Records for processing below:
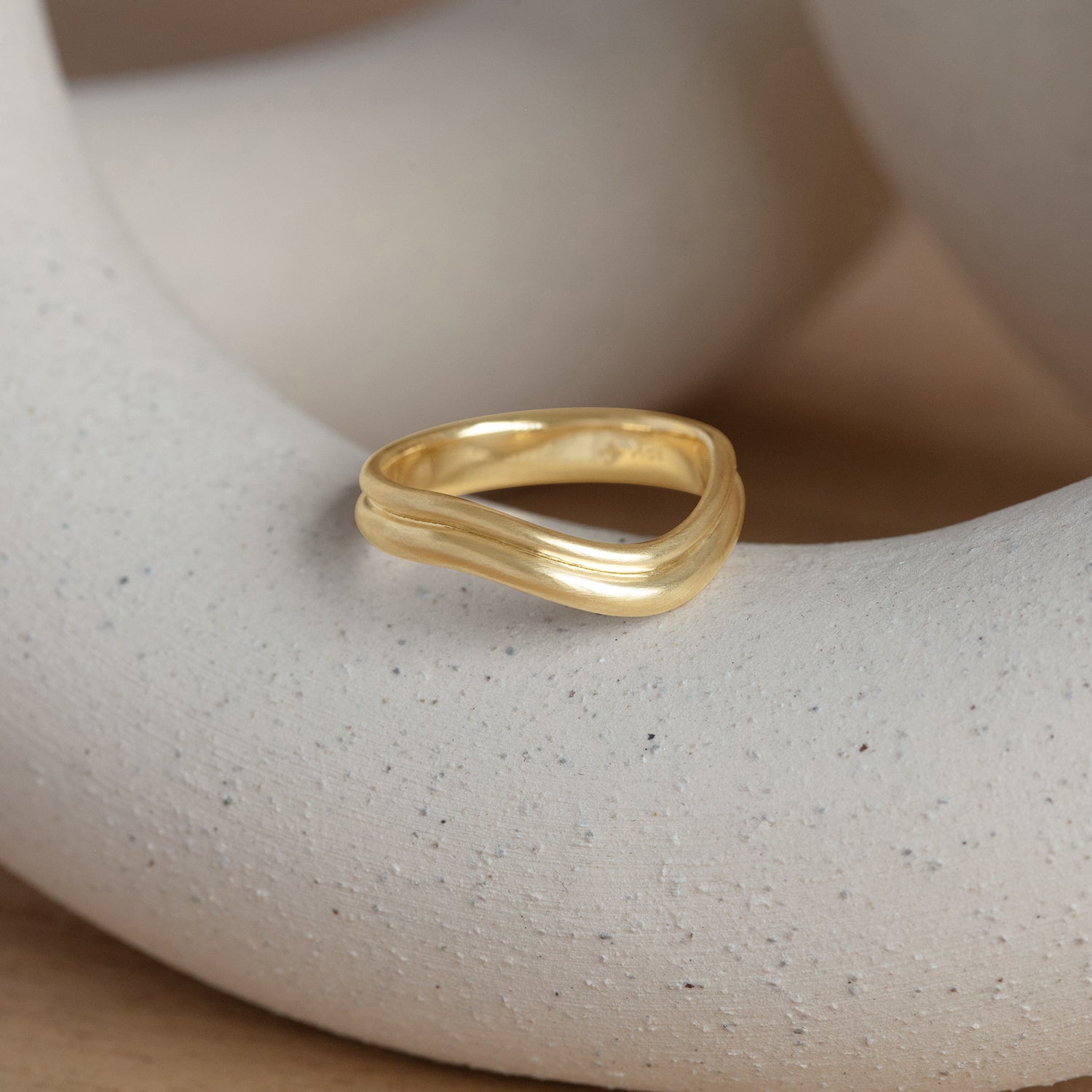 Lifestyle angled view of Duo Band Deep Curve / in Yellow Gold by Goldpoint Jewelry on a ceramic with a natural blurred backdrop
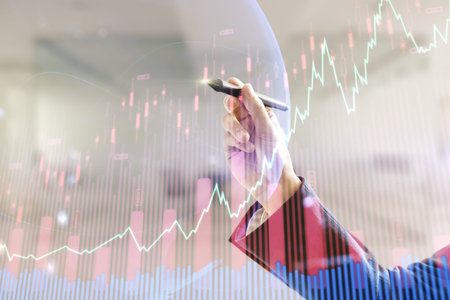 Man hand with pen working with abstract creative financial graph and world map on blurred office...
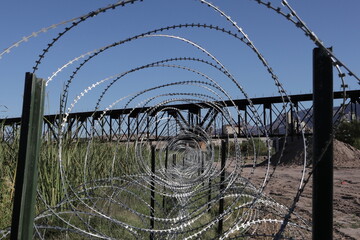 El Paso, TX USA, October 12, 2023 Razor barb wire along Rio Grande to prevent migrants from...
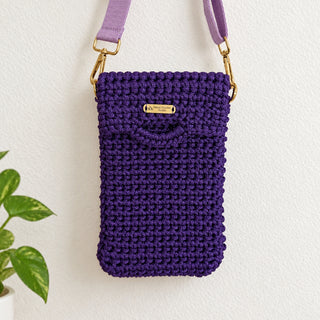 A purple crocheted phone pouch with a matching lavender strap and gold-tone hardware, hanging against a plain off-white wall.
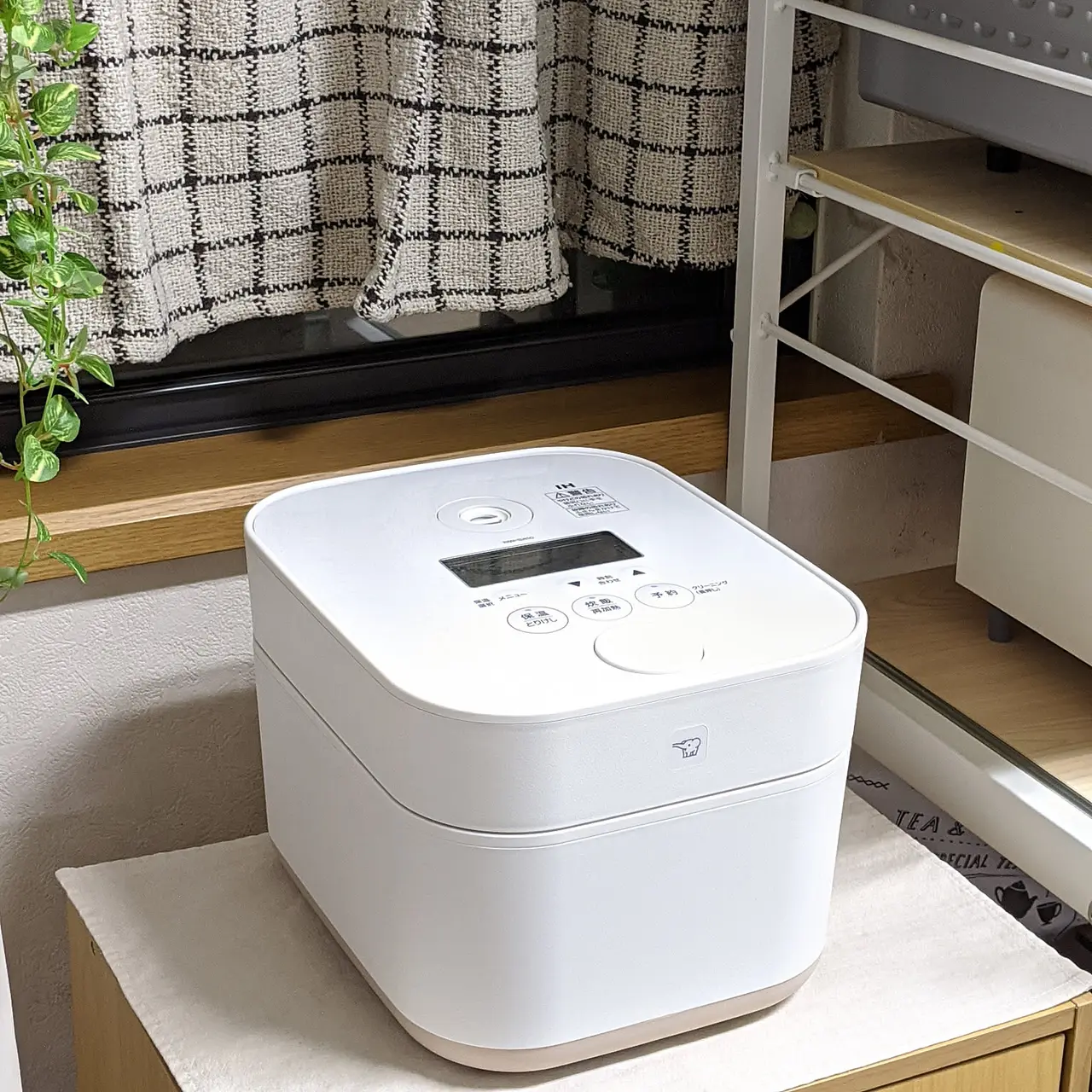 A white Zojirushi STAN. rice cooker placed neatly in a bright kitchen corner.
End of Records for processing.
**Your task**
Transcribe exactly the span of lines from the line holding "El Paso, TX" through the last line above, both included. Pictures stay out.

**Reply to the exercise**
 El Paso, TX USA, October 12, 2023 Razor barb wire along Rio Grande to prevent migrants from...
 A purple crocheted phone pouch with a matching lavender strap and gold-tone hardware, hanging against a plain off-white wall.
 A white Zojirushi STAN. rice cooker placed neatly in a bright kitchen corner.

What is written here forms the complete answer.